Despite its name, deep sky is not the Comet Seeker’s forte, because it’s a bit dim due to the single coated lens. This is an interesting lesson in the importance of multi coatings. The Carton is so much dimmer than my Takahashi 60mm scopes I even wondered if there was vignetting from the focuser tube. So I measured it, but nope – the exit pupil is spot on.

The manual shows a few DSOs to try – the Andromeda Galaxy (M31), the Great Nebula in Orion (M42), the Double Cluster and the Pleiades. So I followed its lead ...

The Pleiades and Hyades looked nicely sharp and sparkly at 28x through a Takahashi 25mm MC Ortho.

The Great Orion Nebula looked quite good too, at 28x, with the Trapezium nicely resolved and structure in the nebulosity with averted vision. I was surprised that the standard 20mm H.M. eyepiece was just as sharp on axis, though it distorted stars near the field stop.

I found the Double Cluster, but it did seem a bit dim and lacklustre compared with the view through a modern 60mm, likewise M31. The open clusters in Auriga, M35 through M38, were the same, requiring averted vision to fully resolve them, even with a Takahashi diagonal and eyepiece.

Albireo showed its colours well though and split nicely. At 142x with a 7mm ortho, at the very limits of what the Comet Seeker will take, I just about split one component of Epsilon Lyrae.

Summary

This little Carton was likely the budget end of their telescope offerings, a consumer kit to cash-in on the 1986 comet craze. Even so, it’s a cut above most similar looking Japanese scopes of the 1970s and 1980s, because it has optics and mechanicals that work properly. And yet it has the classic look that reminds me so nostalgically of the Tasco 3” refractor I bullied my mum into buying so long ago.
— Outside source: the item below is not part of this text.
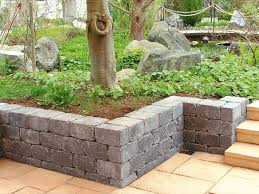 Teil 2 der gartenmauer selber bauen serie. Antike Mauersteinoptik Fur Eine Individuelle Gartengestaltung Garten Beetumrandung Mauerstein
Optically, the Comet Seeker lies somewhere between that Tasco and a really fine achromat like a Swift. It is quite up to lunar and planetary views of 100x and gives very good views, but it can’t take insanely high powers for its aperture the way the very best (Swift, Zeiss etc) can, probably due to a few cut corners in final polishing (the basic objective figure is excellent). It’s good enough to benefit from better eyepieces than the modified Huygenians in the box. Any quality 0.965” ortho’s would do – say Vixen’s if you don’t want to spend (or can’t find) Takahashi’s.
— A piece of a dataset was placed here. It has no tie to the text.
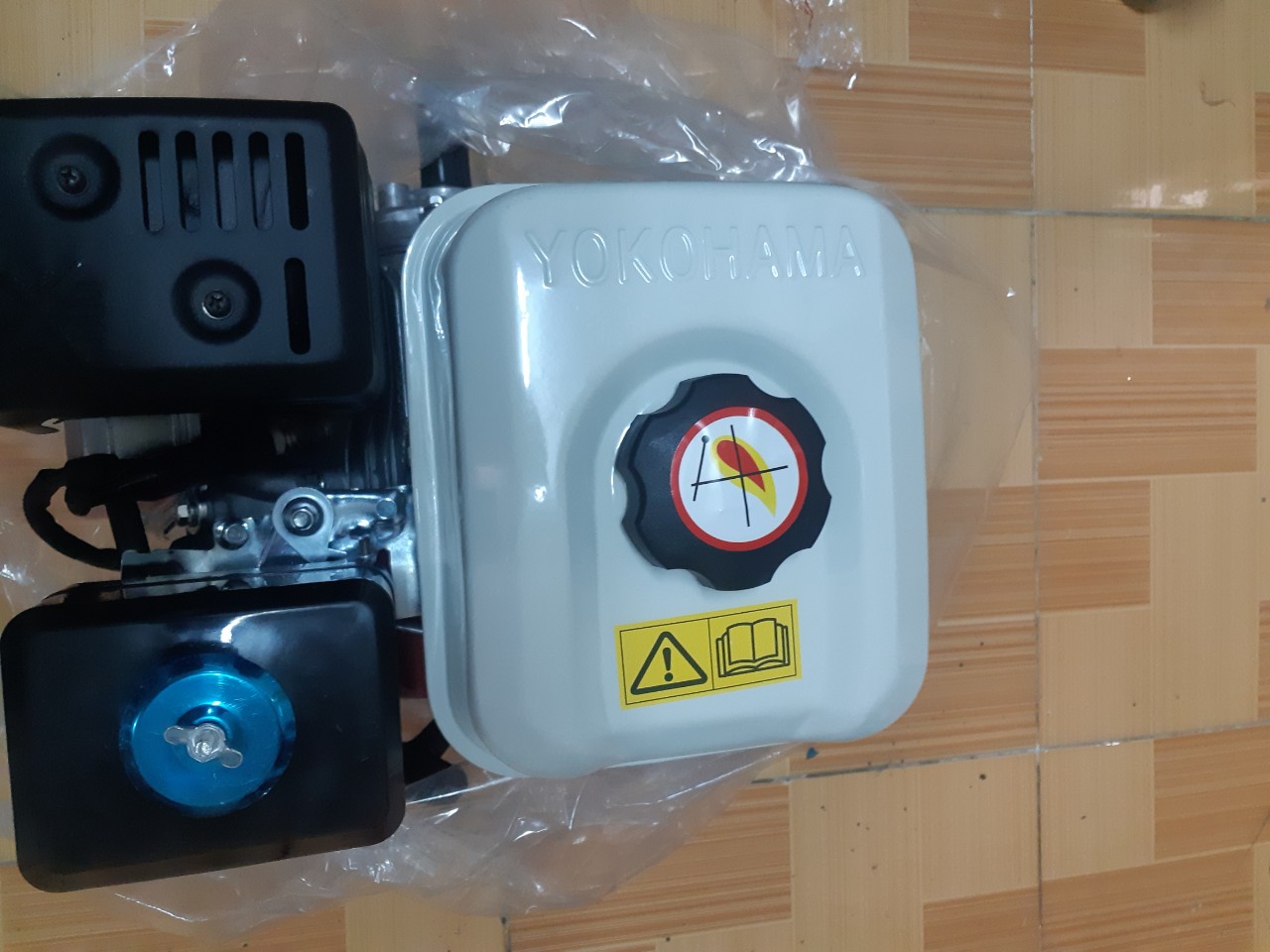 Máy nổ chạy xăng Yokohama 6,5hp cốt thẳng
The Carton is totally usable today. If you like the Moon and planets, it would make a great quick look scope with a nostalgic twist. The Carton’s classic looks and quality build should be good for persuading your significant other to allow it a place in the corner of the drawing room for a touch of retro astro-class at modest expense.

Don’t buy a scope like this one for quick looks at the deep sky though: it’s single coated lens and lack of available wide field eyepieces count against it.

For an inexpensive quick look retro’-scope, with better real-world performance than a Tasco (or even the Unitron I reviewed), the Carton looks the part and works well for the Moon and planets. Not, however, for deep sky (ironically) due to its single coated objective.